No Matter the Distance

Pam and I have been friends since we met our sophomore year of high school. We love to share a good laugh as we think back to that year and the fact that an ex boyfriend introduced us. She had just moved to Northern Kentucky from Dallas, Texas and was looking to find a group of people to click with. I knew Pam was ‘the new girl in town’ but we hadn’t officially met until the night of her sixteenth birthday party. Some of my girlfriends and I had been sitting at a restaurant waiting on our guy group to join us. We called them when they hadn’t shown after an hour. I remember my boyfriend saying, “Sorry, we’re at this girl Pam’s house for her birthday party. We don’t want to leave, but you girls should come here!” After initially feeling stood up and a little hurt that we weren’t told this ahead of time, we figured it couldn’t hurt to meet someone new [especially this girl who was becoming friends with my boyfriend] and enjoy a little ice cream and cake while we were there.

When we got there we were instantly greeted with a huge buffet of food and parents that were so eager to give their daughter the best birthday. I guess everything really is bigger in Texas, I thought to myself as I looked around. Then I noticed that our guys were the only ones there and my boyfriend pulled me aside and said, '“We felt like we couldn’t leave because we’re the only ones here. It’s her birthday, we wanted to be nice.” I instantly changed my mantra. No one, absolutely no one, should feel like they’re alone on their birthday. This poor girl was just moved across the country and was away from her friends that were probably wishing they could be there in that moment with her.

Pam and I clicked that night. We exchanged phone numbers and I left her house excited that I now had a new girlfriend. Pam no longer ate alone at lunch and it didn’t take long before I was letting her eat the crust off my peanut butter and honey sandwiches every day… ha! It was an instant connection. I knew that this girl was going to be my friend for a very long time. We went to dances, football games, and even toilet papered houses together. All those silly things you do as a teenager. I love the memories [and the super embarrassing photos] we have from those years.

Our senior year Pam made the decision to move back to Texas and experience her last year of high school with the friends she had known since birth. I tried not to let this decision make me feel like our relationship had any less meaning. I was just one person compared to many, many others. I knew we would still see each other at least a few times a year because her mom still lived in Northern Kentucky. We would try to call each other regularly to update the other on our life. We would talk about the good stuff and cry together during break ups or anything that we felt didn’t go the way we wanted it to. It was much harder back then to stay in touch, when FaceTime and texting weren’t really a thing yet. Anyway, we did it.

I went away to college and Pam came back to NKY to spend more time with her mom. We were an hour and a half apart, but at least we weren’t on two separate parts of the country. We were making progress! I would go home to visit or she would come down to visit me at school and experience some of that authentic college life. Shortly after celebrating our twenty first birthdays, Pam made the decision, again, to head back to Texas to be with her then boyfriend [now husband] and finish her degree.
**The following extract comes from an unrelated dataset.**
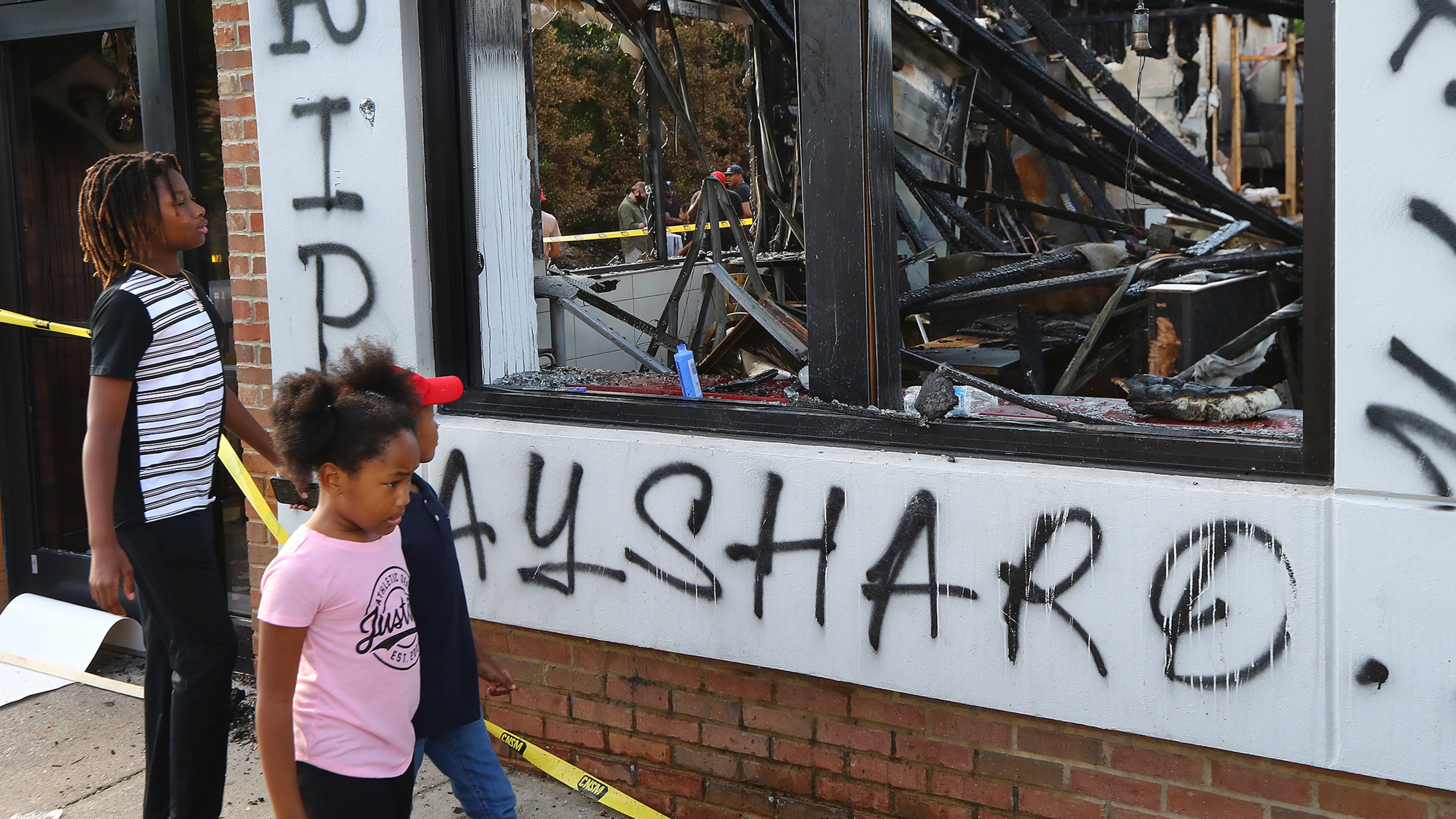 Children take in the burned-out Atlanta Wendy's where Rayshard Brooks, a 27-year-old Black man, was shot and killed by Atlanta police during a struggle in the drive-thru line on June 15, 2020. (Curtis Compton/AJC)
Over the next few years Pam made regular visits back to NKY. I made my first visit to Texas for a long weekend to celebrate her and Tyler’s beautiful wedding. At that point we were only seeing each other maybe once a year. After that weekend it was still clear that our friendship was going strong. The following year, Pam and Tyler made the trip to be a part of our wedding.  It has seriously been an additional benefit that our husbands have become friends too. Sometimes we even catch them playing each other on Call of Duty late at night. Distance has nothing on us!

Our friendship began more than 14 years ago. In the last seven years, as we have started lives with our husbands, had kids, and moved several different places, we have continued to stay in touch. Now that Pam and her husband live in Georgia we make it a yearly thing to meet up at my family’s place in Hilton Head, South Carolina. Any other chance we get to make a trip to see one another it is an added bonus. Everyone needs to have a friendship like ours to go through life. We may have very different lifestyles these days, but we respect and cheer each other on in anything we do. Each time we get together it’s like no time has passed between us. We are able to pick up right where we left off and just enjoy every moment. We laugh, we cry, but most of all we’re a safe haven to share whatever is going on in life.

Our friendship has been defined by the distance, but it has not kept us from continuing our lifelong friendship.